- **What to do**: For every entry below, give it back exactly and leave out any image.

================

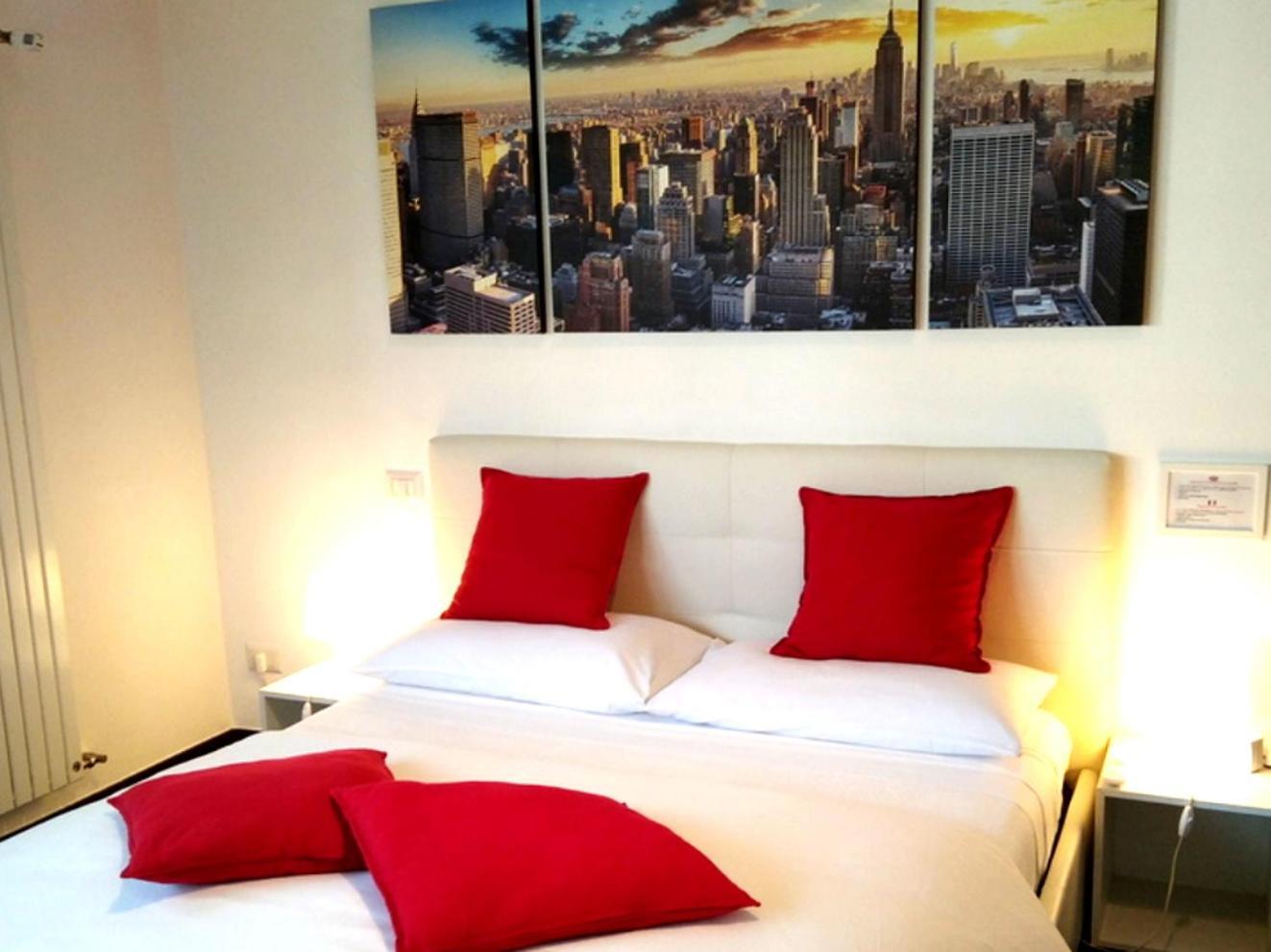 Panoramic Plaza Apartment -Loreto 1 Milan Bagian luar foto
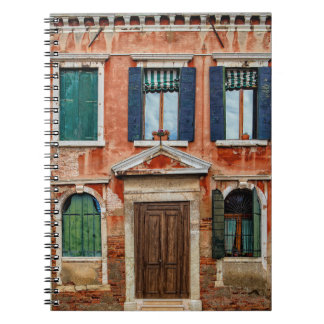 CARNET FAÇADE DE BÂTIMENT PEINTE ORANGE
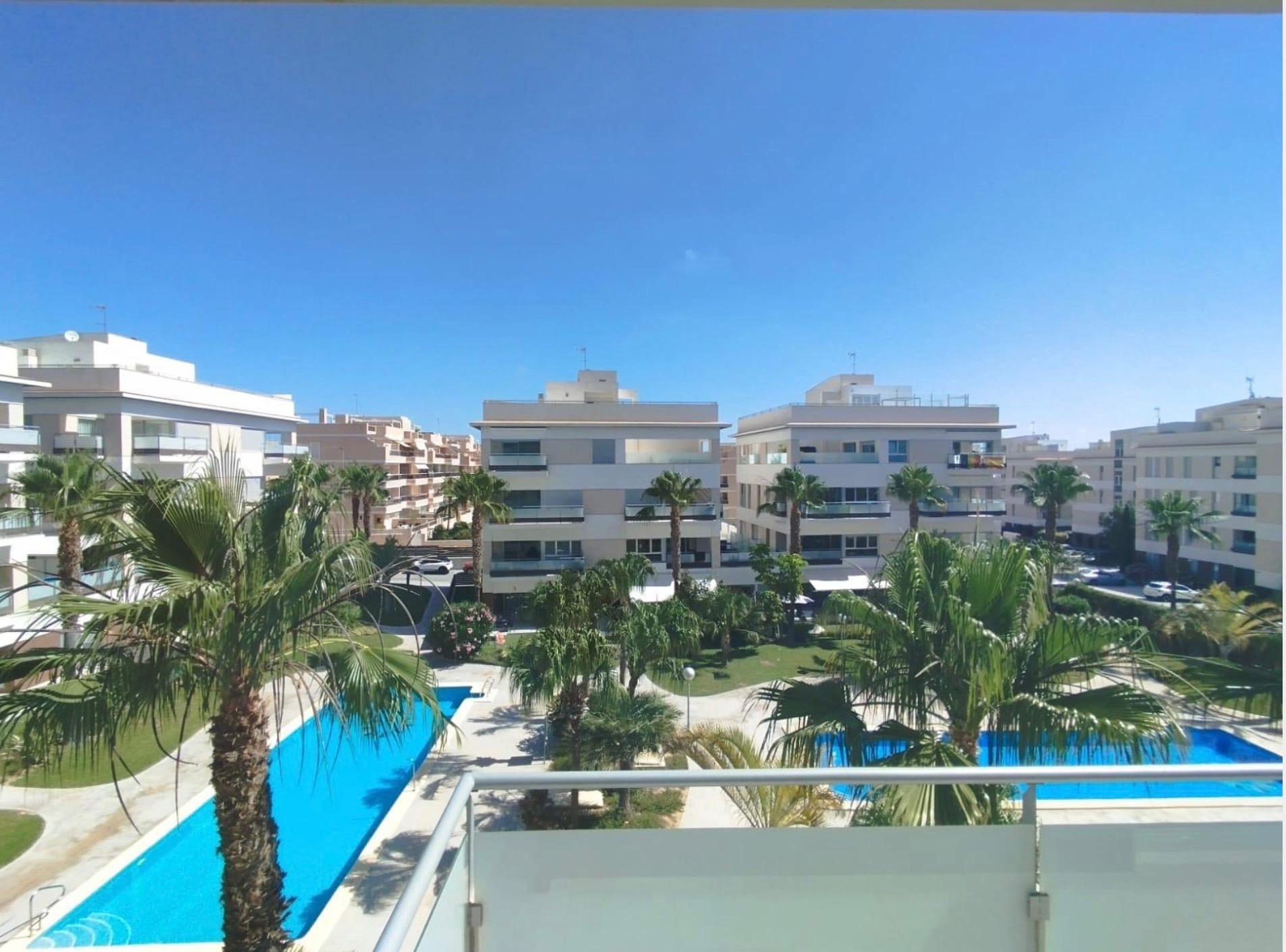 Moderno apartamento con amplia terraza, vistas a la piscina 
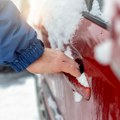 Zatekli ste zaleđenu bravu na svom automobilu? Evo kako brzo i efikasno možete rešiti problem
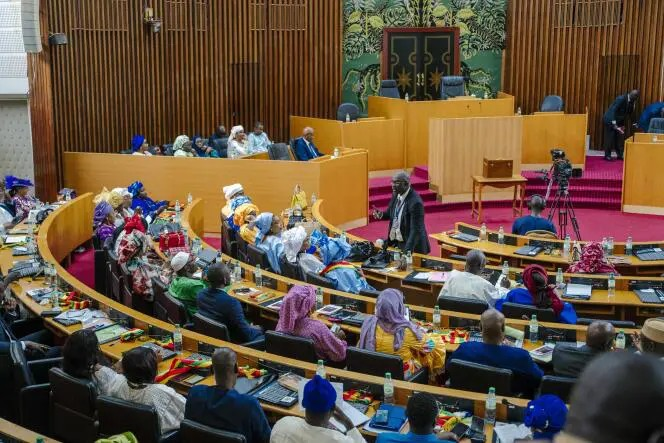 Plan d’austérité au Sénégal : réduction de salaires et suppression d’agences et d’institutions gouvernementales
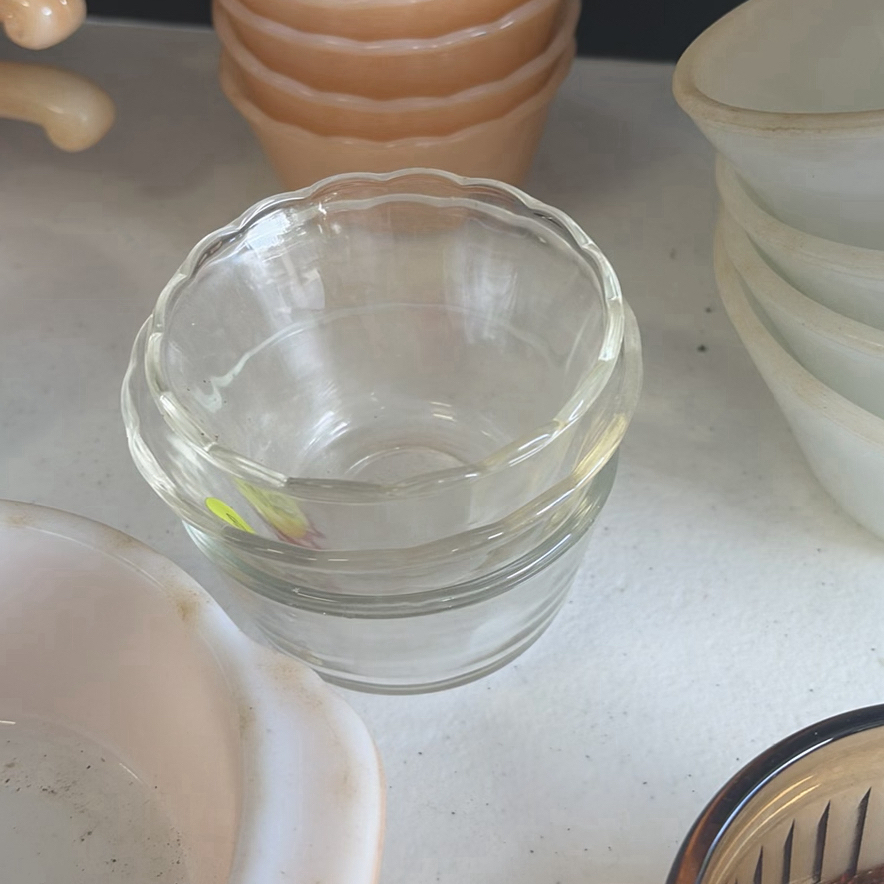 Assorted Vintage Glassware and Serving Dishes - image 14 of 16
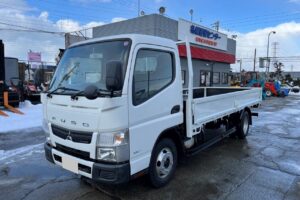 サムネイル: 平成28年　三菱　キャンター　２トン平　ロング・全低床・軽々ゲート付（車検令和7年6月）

================

- **Reply to the task**:
 Panoramic Plaza Apartment -Loreto 1 Milan Bagian luar foto
 CARNET FAÇADE DE BÂTIMENT PEINTE ORANGE
 Moderno apartamento con amplia terraza, vistas a la piscina 
 Zatekli ste zaleđenu bravu na svom automobilu? Evo kako brzo i efikasno možete rešiti problem
 Plan d’austérité au Sénégal : réduction de salaires et suppression d’agences et d’institutions gouvernementales
 Assorted Vintage Glassware and Serving Dishes - image 14 of 16
 サムネイル: 平成28年　三菱　キャンター　２トン平　ロング・全低床・軽々ゲート付（車検令和7年6月）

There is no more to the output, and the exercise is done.